Last summer the eyes of the world were firmly fixed on Great Britain as hosts of the London 2012 Olympics. Guaranteeing the smooth arrival and departure of an additional five million visitors to the UK was of paramount importance under such an intense spotlight.

The Olympics presented NATS with an unprecedented challenge and our people responded brilliantly.

Getting fit for the Olympics required us to implement a new airspace design, make changes to operational methods and deal with the increased capacity safely, at the same time as facilitating the biggest airborne security operation in the UK since World War II. The main demand was expected to be focused around London and the Olympic Park, but there were another 30 venues across the UK.

With 150 Heads of State flights, 14,000 athletes, 20,000 media personnel and 70,000 overseas ‘Games family’ due to descend, the smooth and efficient flow of air traffic was vital.

Getting started

Just like the athletes themselves, our preparations for London 2012 began well in advance. We attended our initial meetings back in 2009 in order to build a picture of the challenge ahead.

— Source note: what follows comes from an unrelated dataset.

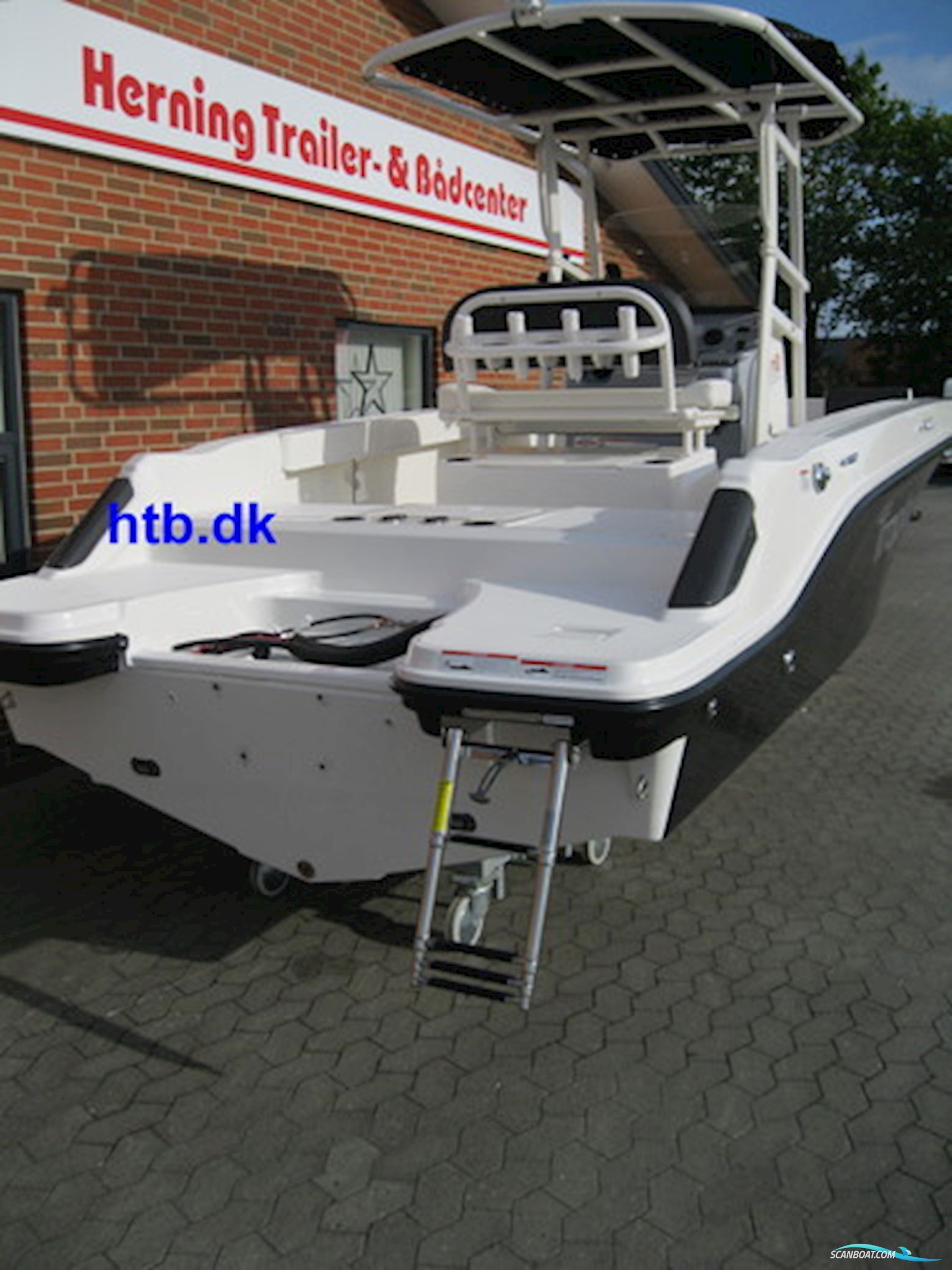 Bayliner Trophy CC20 M/Mercury F200 hk V6 4-Takt - Forårs !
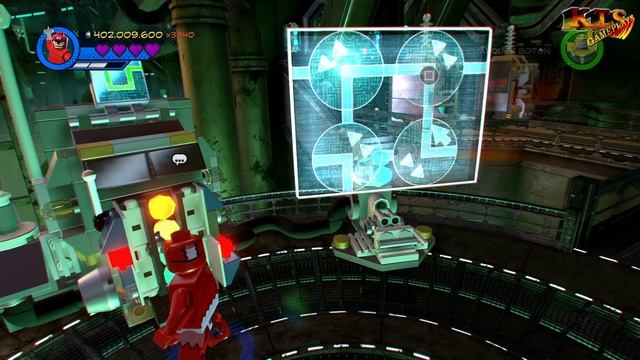 LEGO Marvel Super Heroes 2. Infinity War: El guantelete de la Tormenta. [DLC GUÍA 100%] смотреть онлайн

Temporary controlled airspace was introduced to improve the flow of traffic. This included the introduction of a number of new holds and routes to accommodate additional traffic to regional airfields. The UK Government also introduced security restrictions which saw the arrival of prohibited and restricted zones of airspace over large areas of London and the South East throughout the Olympics.  All these changes required training 400 of our controllers in new procedures.

All systems go

One of NATS’ biggest responsibilities was to create a dedicated Olympics Airspace Management Cell at our Swanwick Centre. This was manned by military personnel and was responsible for supporting the airspace restrictions around the Olympic stadiums. Military controllers provided air traffic services outside controlled airspace within the restricted zone, as well as providing 24-hour security surveillance.

A runway slot reservation system was established to ensure that all aircraft using controlled airspace obtained an airport slot. Use of the system was mandatory for all arrivals and departures into the 40 airfields which fell within the Olympics area.

Throughout the whole Olympics, our communications centre was activated – conducting three telephone conferences a day when traffic was at its peak. An airfield status map was also made available on our customer website, providing up-to-date information on airfield diversion status across the UK and Western Europe. One of the biggest concerns for the airlines was the potential disruption from adverse weather or military activity. Despite several heavy thunderstorms and a number of military aircraft launches during the Olympics, everything ran smoothly and with minimal delay.

A team effort

From start to finish, there is virtually no one at NATS that wasn’t involved in the Olympics preparations in some way or another. From our airspace and procedure designers to our engineers and projects, from our training team and network management to our operations and support staff – it was a real team effort. Our people worked tirelessly to get us ready for the challenge and the operation was prepared perfectly for the starter’s gun!

NATS’ efforts didn’t go unrecognised. We received numerous compliments from our customers on the way we handled the event, and the information we provided them. This is just one of the comments we received:

“Given the huge amount of preparatory work undertaken by NATS over the recent years for the Olympics, it is a credit to those involved how well it has all gone.”

In the spirit of the Games, the whole NATS operation came together to make sure that NATS played our part in what was an extraordinarily successful Olympics. As Team GB reflects on its success and considers the legacy of the Olympics, NATS will do the same.